Les travailleurs ont commencé à s’organiser, pour exiger de leur entreprise ( et de Facebook, qu’ils jugent être leur vrai employeur ) un suivi adéquat, la prise en charge des soins et de justes compensations pour les dommages causés.
La réponse de Facebook a été rapide : fin du contrat de sous-traitance avec Sama, engagement d’un autre sous-traitant qui, pour échapper aux poursuites, déménage du Kenya au Ghana, soit 5000 km plus loin. Les travailleurs qui ont commencé à organiser leurs collègues – dont Kauna et Daniel Motang – sont black-listés par Facebook qui interdit au nouveau sous-traitant de les engager.

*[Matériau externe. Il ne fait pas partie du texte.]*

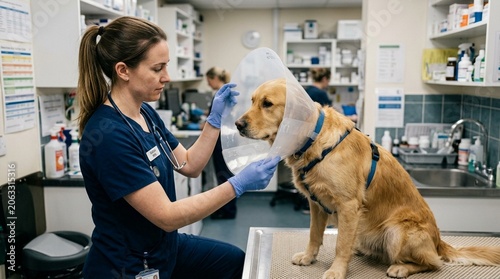 Veterinarian in blue scrubs applying protective Elizabethan collar to a golden retriever dog in a bright clinic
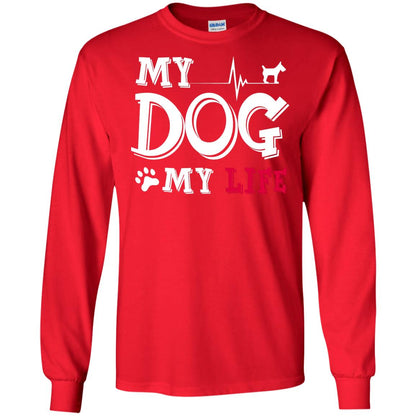 Dog Lovers T-shirt My Dog My Life Red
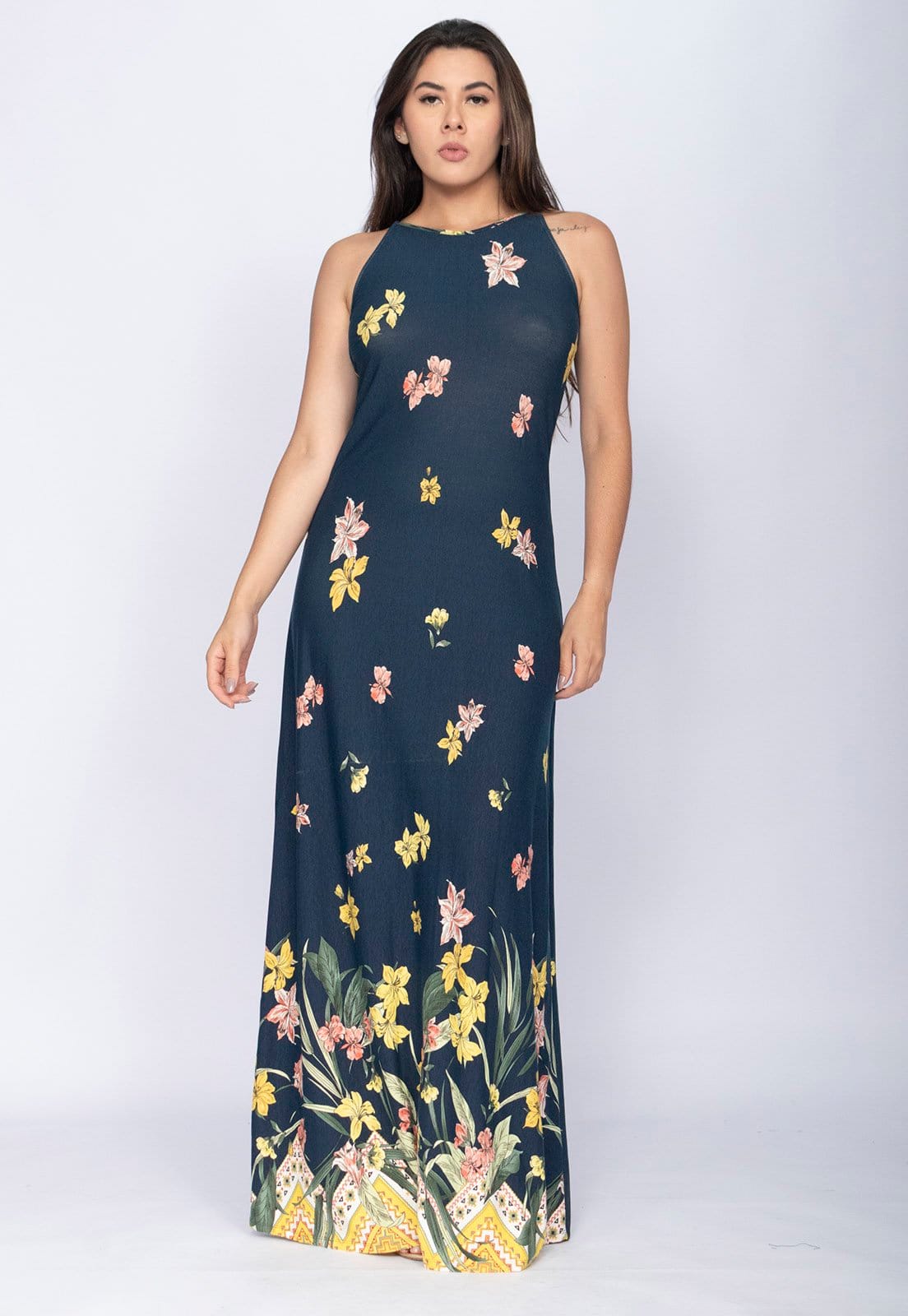 Vista principal Vestido CabanaFree Longo Malha Trapézio Floresce Cabanafree azul/estampado azul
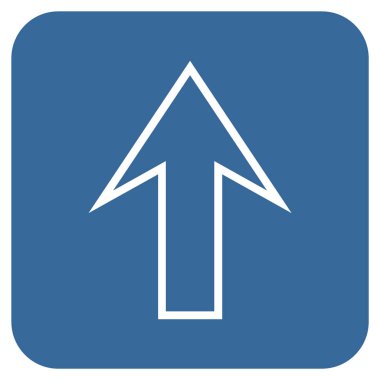 Düz yukarı ok vektör simgesi kare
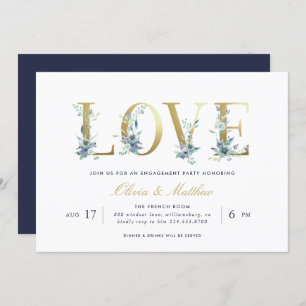 Luxe Floral Engagement Party Invitation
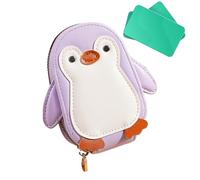 Wallet Card Holder PU Leather Zipper Large Capacity Penguin
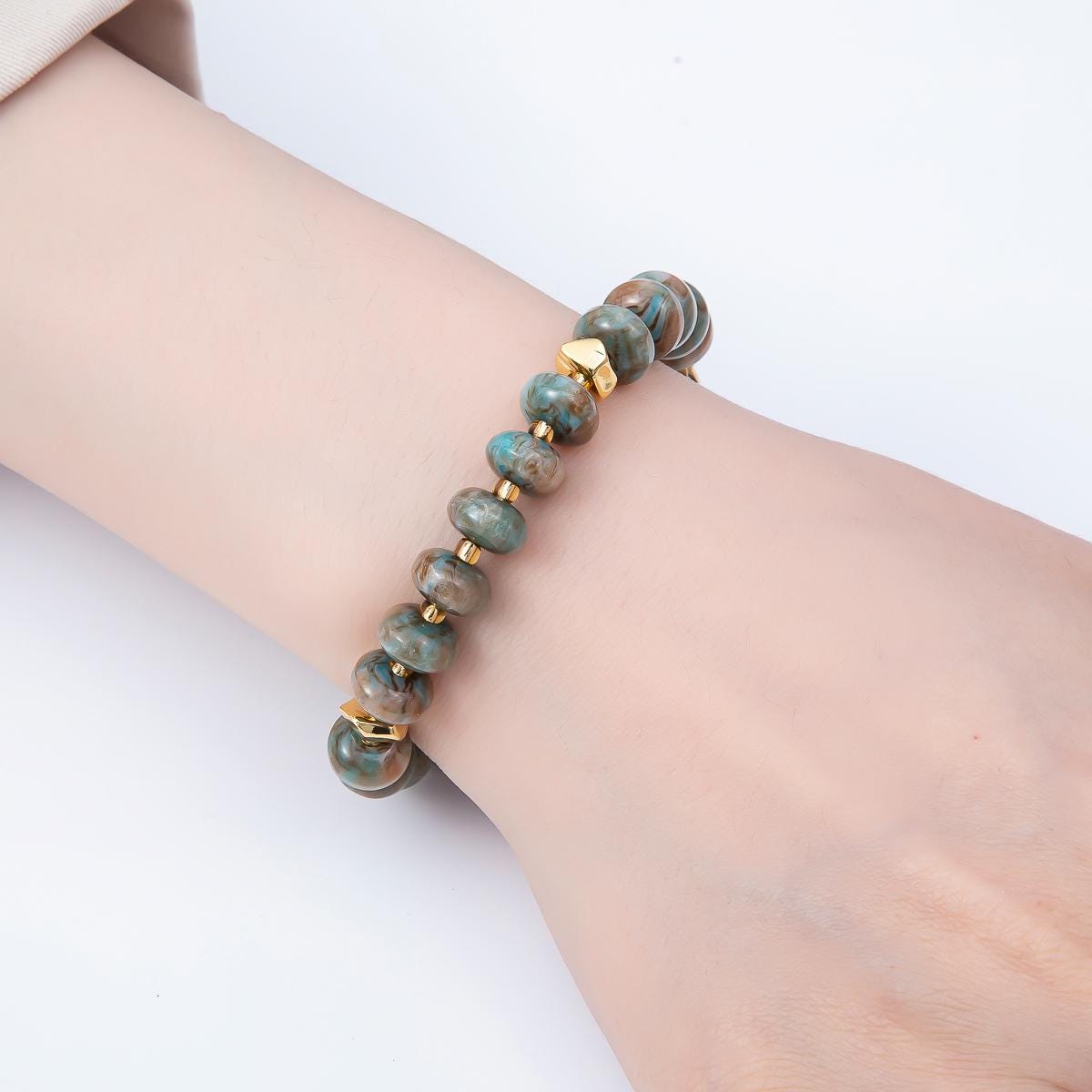 Handmade 10mm Round Flat Rondelle Bead Resin 7.5 Inch Bracelet w/ Extender Gold Earthy Beaded Protection Jewelry Gift | WA-04613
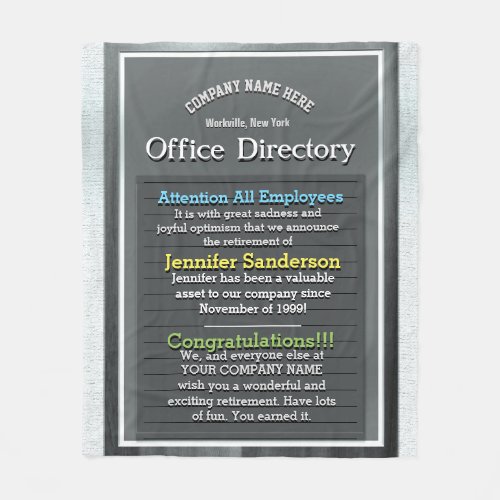 Retirement Message on an Office Directory SIgn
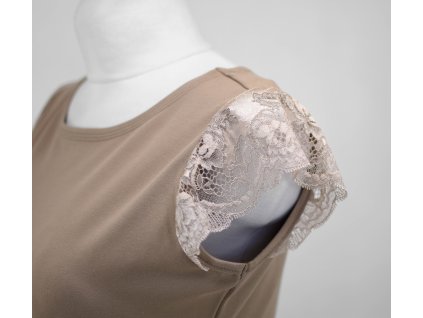 Tričko s krajkovými rukávky - béžové s krémovou krajkou II.JAKOST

Les travailleurs, pour mieux s’organiser, ont créé le syndicat CMUK ( Union kenyane des modérateurs de contenu ) et attaqué Facebook en justice. Un tribunal kényan leur a donné raison dans son jugement préliminaire : Facebook doit bien être considéré comme leur employeur de fait et doit répondre d’un licenciement collectif. À ce jour le géant mondial élude complètement ses responsabilités. Kauna est revenue dans son pays, au Nigéria. Elle est sans travail et soigne ses blessures sans aucune compensation de son ex-employeur.
Cette histoire nous apprend beaucoup :
– Derrière la numérisation, derrière la dématérialisation de l’économie et l’apparence ludique des réseaux sociaux, il y a des travailleurs. Et leurs conditions de travail sont très loin du mirage enchanté entretenu par les GAFAM : de vrais tâcherons, exploités, mutilés et jetés ensuite.
– Le syndicalisme, l’organisation des travailleurs pour défendre leurs droits, s’il semble décliner dans sa forme traditionnelle, reste vivace et universel : de nouveaux métiers apparaissent et génèrent de nouveaux syndicats, même en Afrique.
La seule réponse à ces employeurs géants et multinationaux est une organisation internationale des travailleurs. Celle-ci est encore balbutiante, mais les étincelles qui se produisent dans chaque pays est la première étape d’une indispensable organisation internationale.
Il faudra de l’ouverture d’esprit, car ces syndicats qui émergent à l’autre bout du monde ne ressembleront certainement pas à nos structures traditionnelles. Soit, l’important est de commencer par unir les travailleurs face à ceux qui prétendent les exploiter.
Il en est de même localement. L’émergence de nouvelles formes de travail suscite de nouvelles formes d’organisation. Les syndicats traditionnels peuvent être a priori frileux et méfiants face à ces nouvelles formes de travail et ces nouveaux groupements qui ne cochent sans doute pas toutes les cases de leur credo et remettent en question leur monopole. Mais l’alignement des étoiles ne peut pas être un préalable à l’action commune ; ni d’ailleurs, résoudre tout le passif historique qui peut exister ( imaginons le passif entre travailleurs de pays anciennement colonisateurs et travailleurs des pays colonisés ; similairement, chez nous, le passif qui existe entre chauffeurs de taxi et chauffeurs Uber handicape l’unité ). L’action commune n’implique pas de diluer ou renier son idéologie et son histoire ; lutter ensemble crée de nouvelles convergences et une nouvelle histoire.